• **WHAT YOU ARE ASKED TO DO**
Everything in the listing below except the pictures should be reproduced exactly.

• **DATA BELOW**
+ + + + +

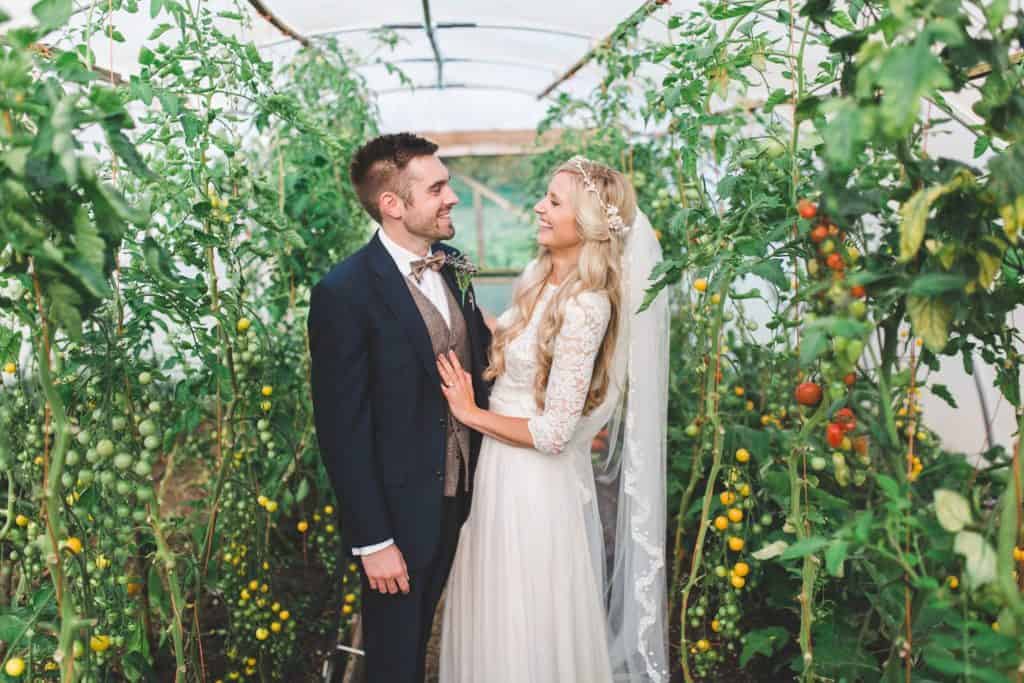 Bride and Groom at Farm Wedding Venue in greenhouse with tomato plants
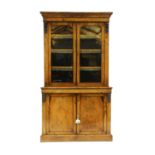 A Victorian rosewood and inlaid bookcase,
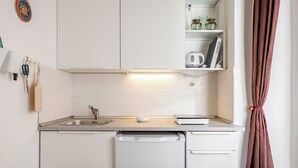 Een kleine keuken met een vaatwasser, een spoelbak en een aanrecht.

+ + + + +

• **ANSWER SECTION**
 Bride and Groom at Farm Wedding Venue in greenhouse with tomato plants
 A Victorian rosewood and inlaid bookcase,
 Een kleine keuken met een vaatwasser, een spoelbak en een aanrecht.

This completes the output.